Beating out the bacon — Freakonomics motto contest update

Update time! Here’s some follow-up on yesterday’s post about my unwitting status as a Freakonomics motto competition finalist:

Early polling has pretty much been vindicated. As of 3:11 pm and 412 comments into the voting thread, it’s motto number 5 (“Our Worst Critics Prefer to Stay”) by a crushing margin. Voting is still open for another day or so, but I’d be surprised to see any real sea-change.

My own entry, “You Should See the Other Guy”, is in distant forth with a signficant (but, considering the small absolute numbers, not quite comfortable) lead on the fifth place motto.

The fifth place motto is about bacon. I’m not sure how to feel, here.

Numbers!

Of the first 412 comments in the voting thread, 390 had clear statements of preference for one (or more — one voter declared a dead split on #2 and #5) of the five finalists. The remaining comments were discussion and/or suggestions of write-in candidates (both originals and favored mottos from the original thread).

From those 390 first-place votes, the numbers break down thus:

1 – 16.2% (63/390)
2 – 7.6% (29.5)
3 – 28.2% (110)
4 – 4.1% (16)
5 – 44.0% (171.5)

Allow for rounding error on those percentages. The half points on 2 and 5 are from the split vote mentioned above.

So #5 by a mile, right now, with #3 comfortably in second and #1 holding third. A bacon uprising could hurt my chances for forth.

Some voters allowed for second (and third, fourth, and fifth) choices; #3 and #5 split the lead for runner-up with 5.5 votes each, while #1 has 4. I’m tied with #4 at 1 vote each, here. Motto #1 got the most 3rd place votes; #4 leads on 4th place votes; and my own #2 has the honor of winning (slimly) the most explicit fifth place votes.

There were a few comments that non-numerically expressed an explicit dislike, and even an explicit most disliked status, for specific mottos, but I didn’t tabulate those into the results as it seemed a bit too fuzzy.

Rationales!

Of the 390 votes tallied, a significant minority came with some amount of commentary. I noted all the comments that were substantial (that is, more than e.g. “definitely #x” or “#y FTW” or “I like #z”); while I haven’t done an explict count, an eyeball estimate puts the distribution of rationales as similar to that for votes themselves. The variation in the content, length, and theme of various motto votes’ rationales is interesting, though. There are too many in total to quote, but I’ll note some examples here:

#1 – The Most Gentle Empire So Far

“Speaking for the rest of the world dependance on a generally benign, pragmatic, or apathetic economic superpower is preferable to domination by a grumpier one.”

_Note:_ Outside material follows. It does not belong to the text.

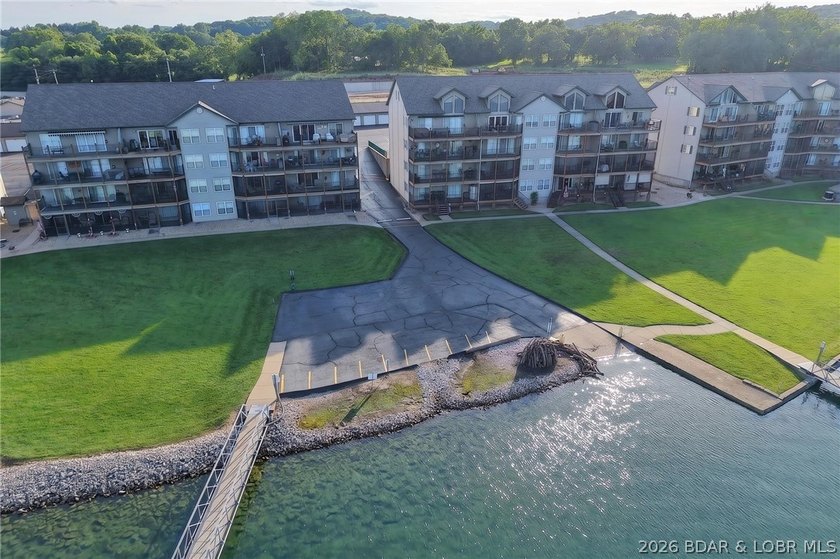 You're in luck just listed 3 bedroom 2 bath walk-in end unit is - photo 40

“ha.. for us living outside USA the pick would be Number 1 by far..though I´m not so sure about the gentle part…”

“Can you imagine what Rome would have done in the current situation? Think about that Chavez.”

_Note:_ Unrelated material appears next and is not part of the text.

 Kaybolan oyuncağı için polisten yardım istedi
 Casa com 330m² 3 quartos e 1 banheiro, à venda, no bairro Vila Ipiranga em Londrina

2. You Should See the Other Guy

“I think #2 is by far the most honest, but I suppose most of the people voting are probably americans…”

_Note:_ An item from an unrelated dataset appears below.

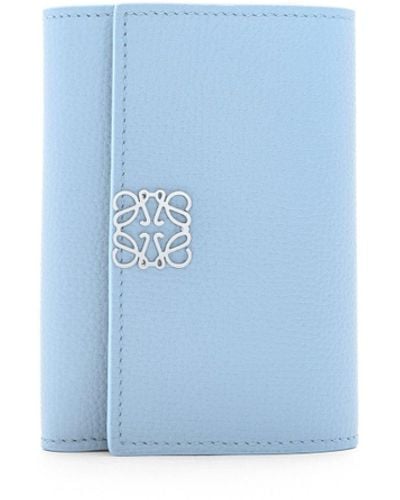Loewe Luxury Anagram Small Vertical Wallet In Pebble Grain Calfskin - Blue
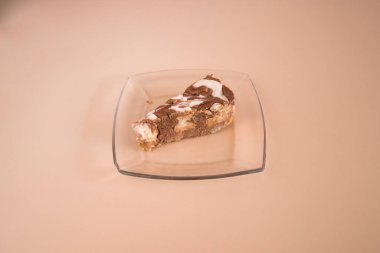 Yeni hazırlanmış yemek / yemek bir restoranda servis edilecek.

“I vote for #2. Anyone voting for #5 must be thinking of the inmates at Guantanamo, but they don’t actually have any choice in the matter, so “prefer to stay” is a euphemism”

“I voted for #2, and have been watching how unpopular it is. Maybe I voted for it because I’m Brazilian, and have an outsider’s POV.”

3. Caution! Experiment in Progress Since 1776

“I hear comments about the “ongoing democratic experiment” from people of all political stripes.”

“We may not be perfect, but for 230+ years, this experiment is the best the world has ever seen!”

“(I’m a scientist)”

4. Just Like Canada, With Better Bacon

“I love bacon!”

“Anyone who mentions bacon has the inside track to my heart!”

“cuz I’m Canadian and we seem to define ourselves in relation to the USA (despite the schadenfreude and other psychological nastiness that the definition causes).”

5. Our Worst Critics Prefer to Stay

“it both encapulates the the fact that america is a pretty decent place, but also that it is not quite perfect and could use improvement. it reafirms that many internal critics of america have a fundamental respect and appreciation for it, and as such a critic i deeply respect that.”

“It is true because its better to be on a bully’s side.”

“If #5 doesn’t run away with this, I will move to Canada. Wait…”

I’m handily losing the Freakonomics US Motto competition.

A couple weeks ago, Stephen Dubner over at the Freakonomic blog posted a contest: suggest a six-word motto for the US.  The reponse was pretty solid; there’s 1,291 comments in the thread right now, pretty much all of which feature one or more suggested mottos.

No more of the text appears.